And then in the mobile business, I believe in the prepared remarks, you called out a shift in volumes at rental customers into later quarters.
Can you just maybe elaborate on that?
And then can you give us an idea of how you get visibility of those volumes actually coming through in the coming quarters?
Aaron P. Jagdfeld - President, CEO & Executive Chairman
Yes.
It's another good question.
That industry is, at least for us, with our share, we're probably over-indexed to the national account customers there.
In fact, in our prepared remarks, we actually -- we like to see some of the independent rental house growth that we saw, that's a good kind of, I would say, counterweight to the national accounts.
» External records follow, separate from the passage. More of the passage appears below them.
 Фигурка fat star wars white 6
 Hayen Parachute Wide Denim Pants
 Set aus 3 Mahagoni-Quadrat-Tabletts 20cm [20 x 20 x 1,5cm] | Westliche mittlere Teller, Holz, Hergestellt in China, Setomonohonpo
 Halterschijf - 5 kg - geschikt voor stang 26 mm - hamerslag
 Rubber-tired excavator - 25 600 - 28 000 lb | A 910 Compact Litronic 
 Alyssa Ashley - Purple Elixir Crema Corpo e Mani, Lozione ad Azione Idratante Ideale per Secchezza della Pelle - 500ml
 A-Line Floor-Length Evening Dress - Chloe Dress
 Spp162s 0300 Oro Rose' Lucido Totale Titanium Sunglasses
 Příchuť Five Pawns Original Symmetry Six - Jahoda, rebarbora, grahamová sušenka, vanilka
National accounts are great, we love them.
We serve them very well.
We think we have a unique formula to doing that.
It's why we think we serve, in places like the telecom space and others, we serve major customers like that in the retail spaces.
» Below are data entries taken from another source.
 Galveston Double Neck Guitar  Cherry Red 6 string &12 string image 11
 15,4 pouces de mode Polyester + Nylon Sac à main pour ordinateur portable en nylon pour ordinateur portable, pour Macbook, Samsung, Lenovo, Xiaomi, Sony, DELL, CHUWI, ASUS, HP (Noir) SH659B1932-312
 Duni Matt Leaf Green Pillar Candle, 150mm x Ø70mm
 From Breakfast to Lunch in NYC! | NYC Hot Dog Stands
We do a very good job of that, and the rental space is no different.
But they were a little bit slow to get out of the gate this year, 1 or 2 of them in particular.
And what we've seen is we've seen order rates here pick up recently.
So that's why I think we have the confidence to say that that's going to be something that's coming in the back half of the year.
And we have a lot of dialogue with those rental houses as well.
So I think we have pretty good visibility on what's going to happen, it's not perfect, obviously things can change.
But at least based on what we see today, we would see quarter-over-quarter growth going forward -- year-over-year growth, excuse me, in the quarters ahead and full year growth, as a matter of fact, as well for that product line.
Operator
Your next response is from the line of Jeff Hammond of KeyBanc Capital.
Jeffrey David Hammond - MD & Equity Research Analyst
Just good quarter in home standby.
Just can you just update us on what you're seeing in terms of activations and inquiries?
And what that suggests for kind of pipeline into 2Q?
And can you just talk about if weather -- weather seemed to be impacting a lot of companies.
Did it help or hurt you in terms of ability to install, et cetera?
Aaron P. Jagdfeld - President, CEO & Executive Chairman
Yes.
Good question, Jeff.
What we're seeing today, we continue to see strength in activation rates on home standby.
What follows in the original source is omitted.